The prognosis of aggressive epidermotropic CD8+ CTCL is poor, with median survival of 12 months and average 5-year survival rate estimated to be 0% to 18%, mainly because of high aggressiveness; rapid spread to the lungs, testes, and central nervous system; and low response rate to chemotherapy. Nevertheless, systemic polychemotherapy is usually attempted but often without lasting response. In our case, because of the multiple skin ulcerations, with imminent suspected bacterial superinfection and, consequently, with high risk for severe infectious complications, allogeneic HSCT was not considered as the first salvage option after conventional chemotherapy. However, having not achieved complete remission after high-dose chemotherapy with autologous HSCT, but improvement of the skin ulceration, allogeneic HSCT was performed. This sequential approach with autologous HSCT, shortly followed by allogeneic HSCT, might be beneficial in patients with high tumor burden. In other patients, direct allogeneic HSCT is probably sufficient to allow long-term disease control.

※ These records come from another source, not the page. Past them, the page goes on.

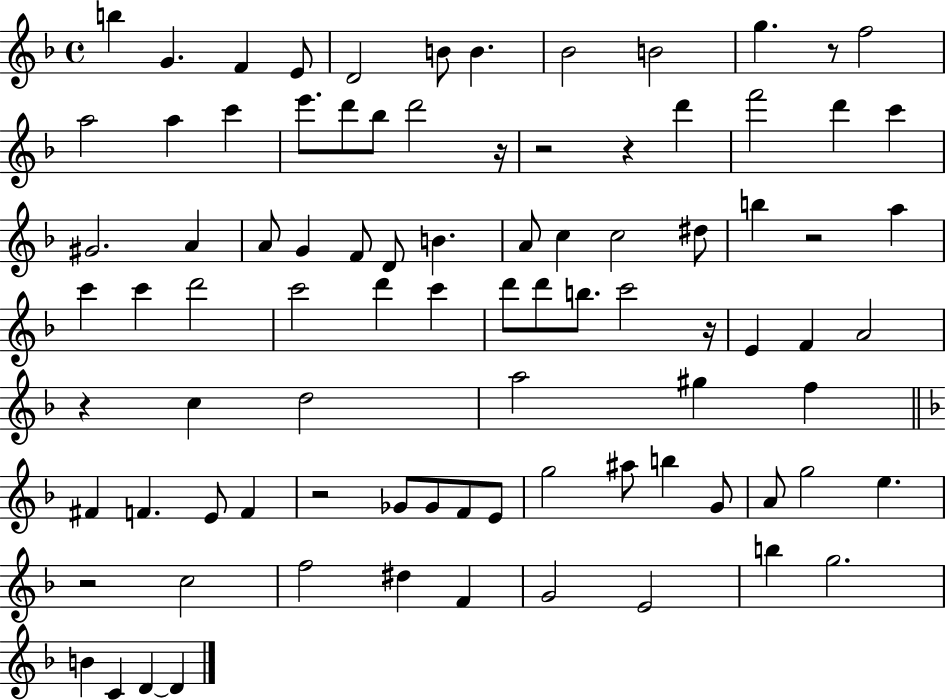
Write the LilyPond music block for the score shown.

{
  \clef treble
  \time 4/4
  \defaultTimeSignature
  \key f \major
  b''4 g'4. f'4 e'8 | d'2 b'8 b'4. | bes'2 b'2 | g''4. r8 f''2 | \break a''2 a''4 c'''4 | e'''8. d'''8 bes''8 d'''2 r16 | r2 r4 d'''4 | f'''2 d'''4 c'''4 | \break gis'2. a'4 | a'8 g'4 f'8 d'8 b'4. | a'8 c''4 c''2 dis''8 | b''4 r2 a''4 | \break c'''4 c'''4 d'''2 | c'''2 d'''4 c'''4 | d'''8 d'''8 b''8. c'''2 r16 | e'4 f'4 a'2 | \break r4 c''4 d''2 | a''2 gis''4 f''4 | \bar "||" \break \key f \major fis'4 f'4. e'8 f'4 | r2 ges'8 ges'8 f'8 e'8 | g''2 ais''8 b''4 g'8 | a'8 g''2 e''4. | \break r2 c''2 | f''2 dis''4 f'4 | g'2 e'2 | b''4 g''2. | \break b'4 c'4 d'4~~ d'4 | \bar "|."
}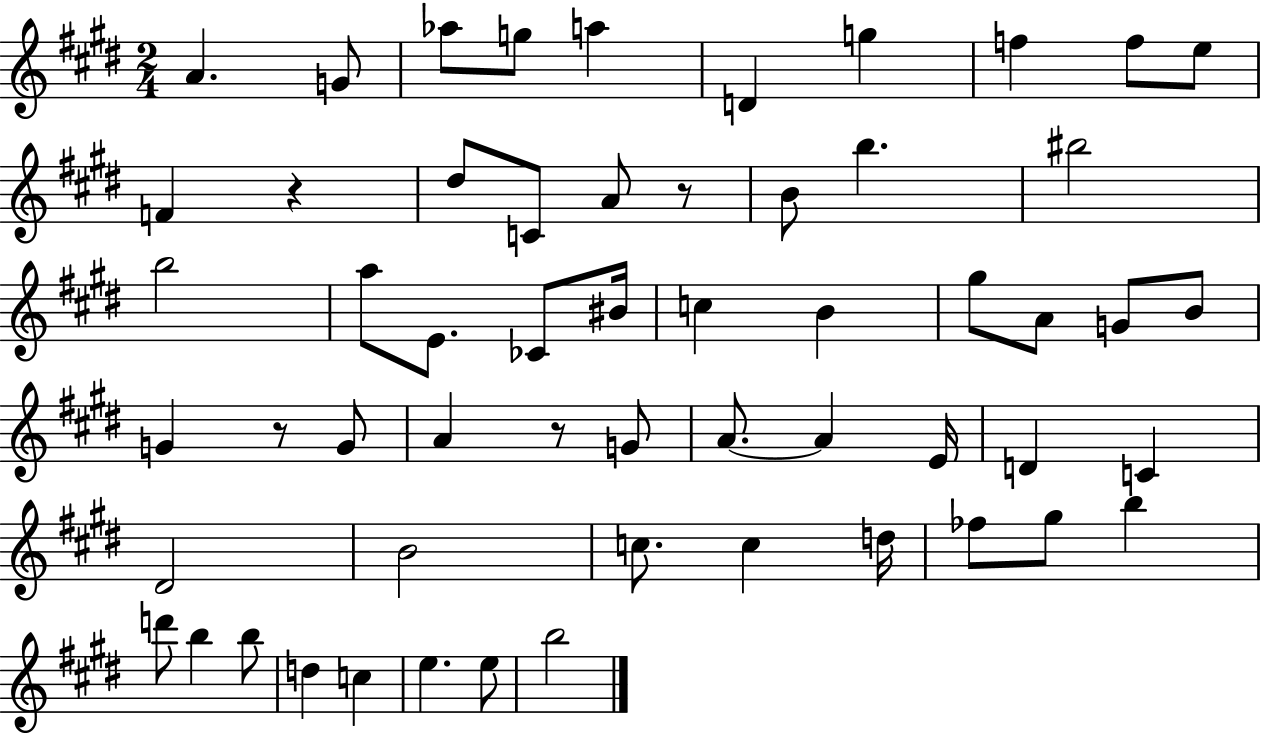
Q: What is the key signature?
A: E major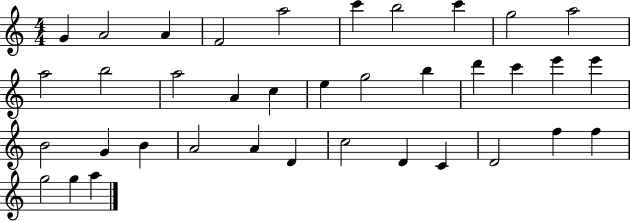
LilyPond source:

{
  \clef treble
  \numericTimeSignature
  \time 4/4
  \key c \major
  g'4 a'2 a'4 | f'2 a''2 | c'''4 b''2 c'''4 | g''2 a''2 | \break a''2 b''2 | a''2 a'4 c''4 | e''4 g''2 b''4 | d'''4 c'''4 e'''4 e'''4 | \break b'2 g'4 b'4 | a'2 a'4 d'4 | c''2 d'4 c'4 | d'2 f''4 f''4 | \break g''2 g''4 a''4 | \bar "|."
}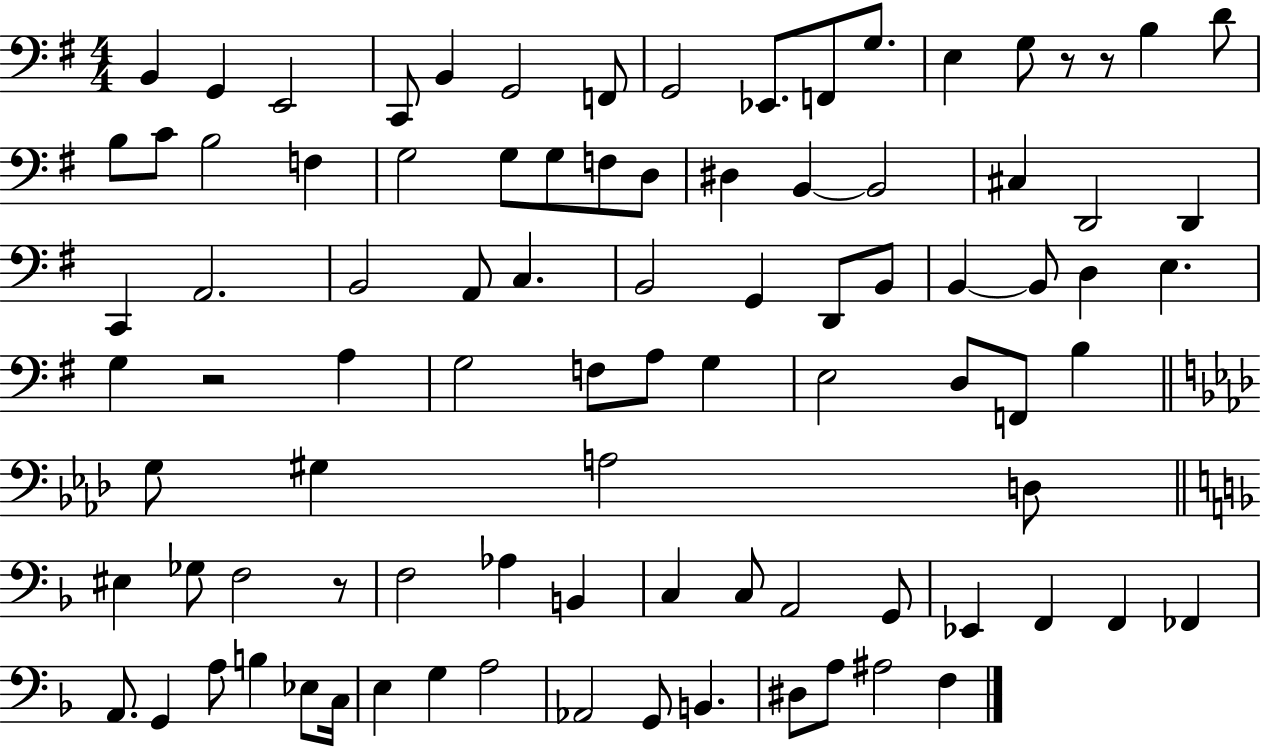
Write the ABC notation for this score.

X:1
T:Untitled
M:4/4
L:1/4
K:G
B,, G,, E,,2 C,,/2 B,, G,,2 F,,/2 G,,2 _E,,/2 F,,/2 G,/2 E, G,/2 z/2 z/2 B, D/2 B,/2 C/2 B,2 F, G,2 G,/2 G,/2 F,/2 D,/2 ^D, B,, B,,2 ^C, D,,2 D,, C,, A,,2 B,,2 A,,/2 C, B,,2 G,, D,,/2 B,,/2 B,, B,,/2 D, E, G, z2 A, G,2 F,/2 A,/2 G, E,2 D,/2 F,,/2 B, G,/2 ^G, A,2 D,/2 ^E, _G,/2 F,2 z/2 F,2 _A, B,, C, C,/2 A,,2 G,,/2 _E,, F,, F,, _F,, A,,/2 G,, A,/2 B, _E,/2 C,/4 E, G, A,2 _A,,2 G,,/2 B,, ^D,/2 A,/2 ^A,2 F,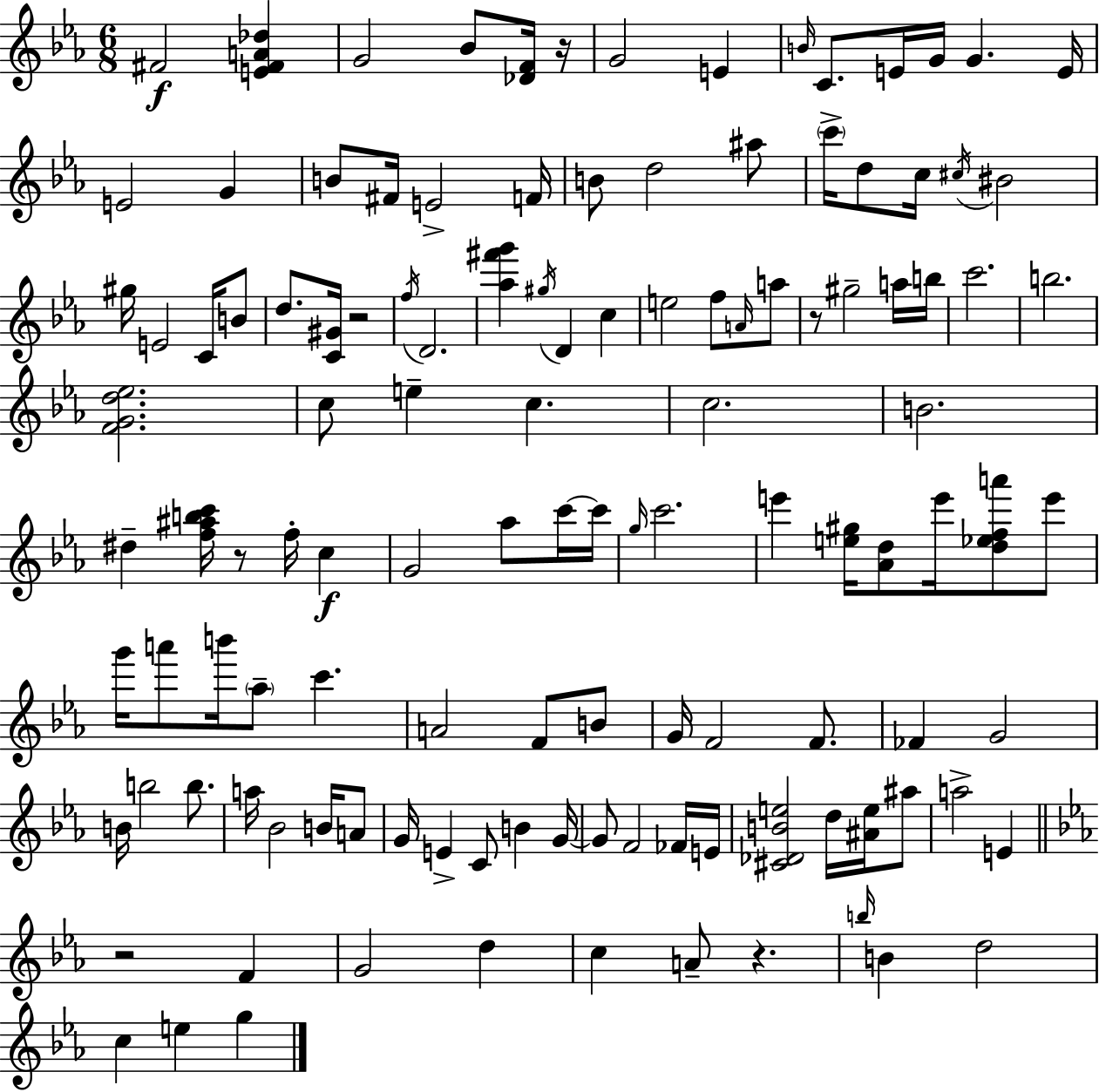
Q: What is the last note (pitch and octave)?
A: G5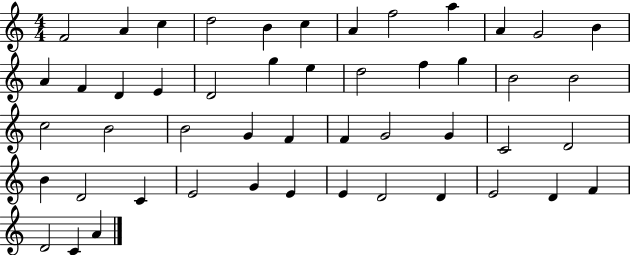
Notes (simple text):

F4/h A4/q C5/q D5/h B4/q C5/q A4/q F5/h A5/q A4/q G4/h B4/q A4/q F4/q D4/q E4/q D4/h G5/q E5/q D5/h F5/q G5/q B4/h B4/h C5/h B4/h B4/h G4/q F4/q F4/q G4/h G4/q C4/h D4/h B4/q D4/h C4/q E4/h G4/q E4/q E4/q D4/h D4/q E4/h D4/q F4/q D4/h C4/q A4/q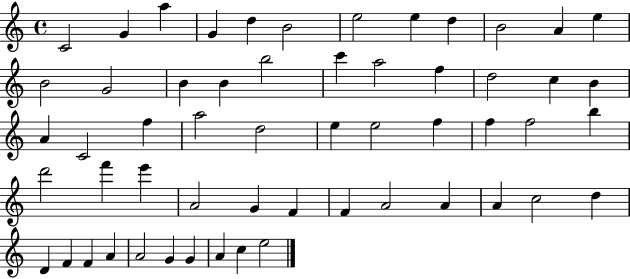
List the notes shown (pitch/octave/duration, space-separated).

C4/h G4/q A5/q G4/q D5/q B4/h E5/h E5/q D5/q B4/h A4/q E5/q B4/h G4/h B4/q B4/q B5/h C6/q A5/h F5/q D5/h C5/q B4/q A4/q C4/h F5/q A5/h D5/h E5/q E5/h F5/q F5/q F5/h B5/q D6/h F6/q E6/q A4/h G4/q F4/q F4/q A4/h A4/q A4/q C5/h D5/q D4/q F4/q F4/q A4/q A4/h G4/q G4/q A4/q C5/q E5/h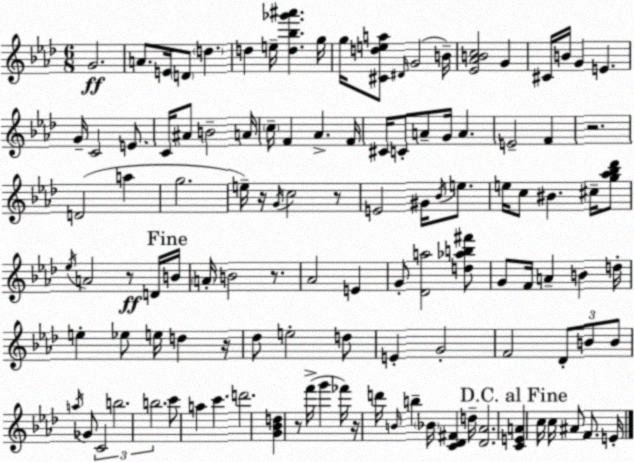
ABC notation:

X:1
T:Untitled
M:6/8
L:1/4
K:Fm
G2 A/2 E/4 D/2 d d e/4 [d_b_g'^a'] g/4 g/4 [^Cdea]/2 ^D/4 G2 B/4 [_E_ABc]2 G ^C/4 B/4 G E G/4 C2 E/2 C/4 ^A/2 B2 A/4 c/4 F _A F/4 ^C/4 C/2 A/2 G/4 A E2 F z2 D2 a g2 e/4 z/4 G/4 c2 z/2 E2 ^G/4 _B/4 e/2 e/4 c/2 ^B ^c/4 [g_a_b_d']/2 _e/4 A2 z/2 D/4 B/4 A/4 B2 z/2 _A2 E G/2 [_Da]2 [d_ab^f']/2 G/2 F/4 A B d/4 e _e/2 e/4 d z/4 _d/2 e2 d/2 E G2 F2 _D/2 B/2 B/2 a/4 _G/2 C2 b2 b2 c'/2 a c' d'2 [G_Bd] z/2 f'/4 g' _f'/4 z/4 d'/4 B/4 b _B/4 [C_D^F] d/4 [_D_A]2 [CEA] c/4 c/4 ^A/2 F/2 E/4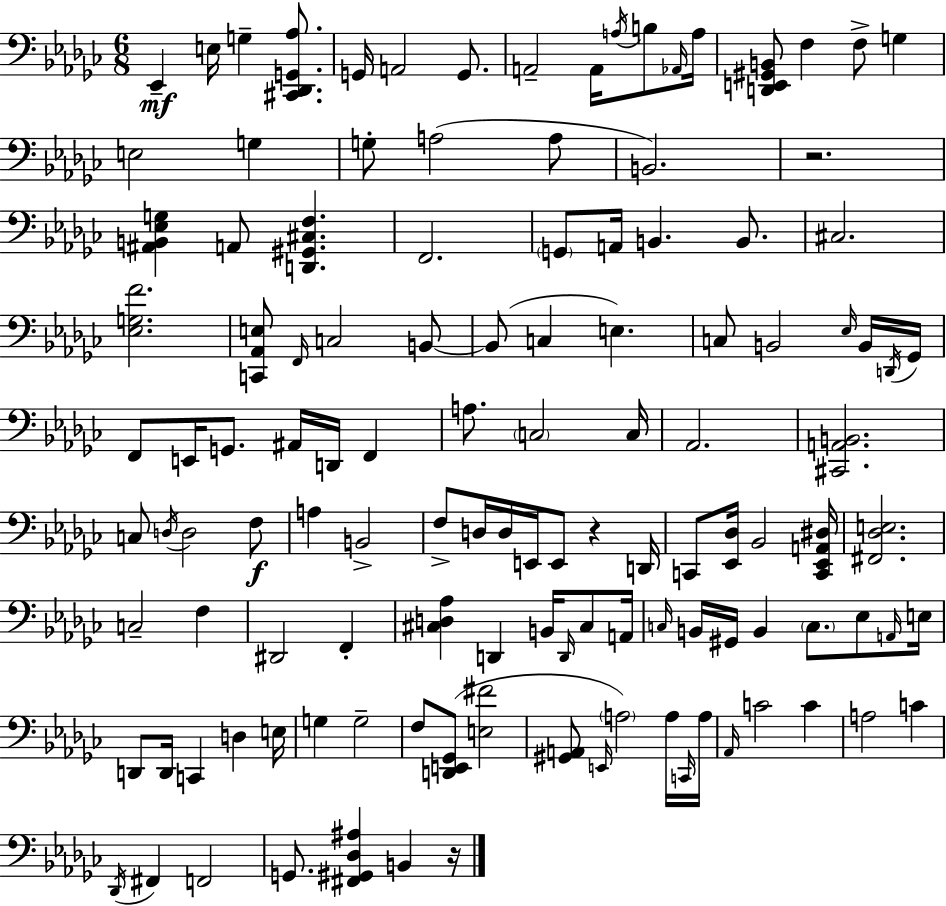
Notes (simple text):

Eb2/q E3/s G3/q [C#2,Db2,G2,Ab3]/e. G2/s A2/h G2/e. A2/h A2/s A3/s B3/e Ab2/s A3/s [D2,E2,G#2,B2]/e F3/q F3/e G3/q E3/h G3/q G3/e A3/h A3/e B2/h. R/h. [A#2,B2,Eb3,G3]/q A2/e [D2,G#2,C#3,F3]/q. F2/h. G2/e A2/s B2/q. B2/e. C#3/h. [Eb3,G3,F4]/h. [C2,Ab2,E3]/e F2/s C3/h B2/e B2/e C3/q E3/q. C3/e B2/h Eb3/s B2/s D2/s Gb2/s F2/e E2/s G2/e. A#2/s D2/s F2/q A3/e. C3/h C3/s Ab2/h. [C#2,A2,B2]/h. C3/e D3/s D3/h F3/e A3/q B2/h F3/e D3/s D3/s E2/s E2/e R/q D2/s C2/e [Eb2,Db3]/s Bb2/h [C2,Eb2,A2,D#3]/s [F#2,Db3,E3]/h. C3/h F3/q D#2/h F2/q [C#3,D3,Ab3]/q D2/q B2/s D2/s C#3/e A2/s C3/s B2/s G#2/s B2/q C3/e. Eb3/e A2/s E3/s D2/e D2/s C2/q D3/q E3/s G3/q G3/h F3/e [D2,E2,Gb2]/e [E3,F#4]/h [G#2,A2]/e E2/s A3/h A3/s C2/s A3/s Ab2/s C4/h C4/q A3/h C4/q Db2/s F#2/q F2/h G2/e. [F#2,G#2,Db3,A#3]/q B2/q R/s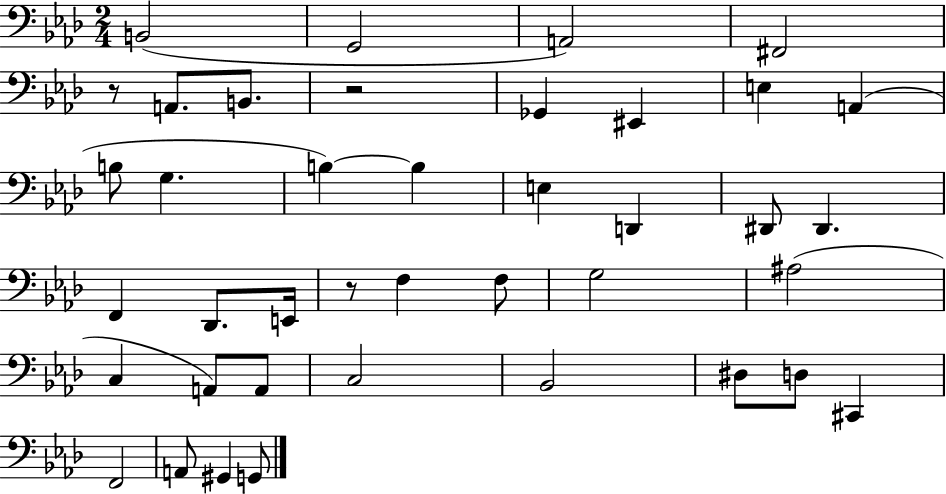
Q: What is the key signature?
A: AES major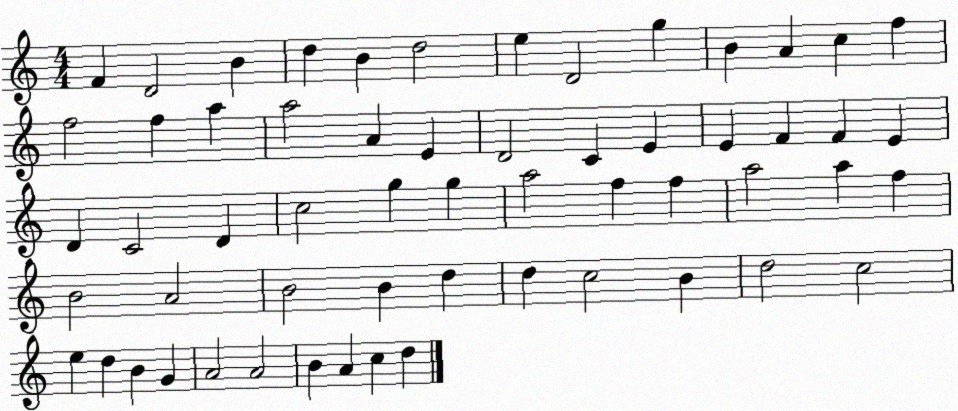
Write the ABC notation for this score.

X:1
T:Untitled
M:4/4
L:1/4
K:C
F D2 B d B d2 e D2 g B A c f f2 f a a2 A E D2 C E E F F E D C2 D c2 g g a2 f f a2 a f B2 A2 B2 B d d c2 B d2 c2 e d B G A2 A2 B A c d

There are only a few case reports on allogeneic transplantation in primary cutaneous aggressive epidermotropic CD8+ cytotoxic T-cell lymphomas. The clinical outcome varies, but complete remission after allogeneic HSCT is possible, even in heavily pretreated patients. We show that a fast sequence of autologous and allogeneic HSCT might be a curative option in patients with therapy-resistant aggressive disease, especially when performed early and should therefore be included in the initial therapeutic considerations.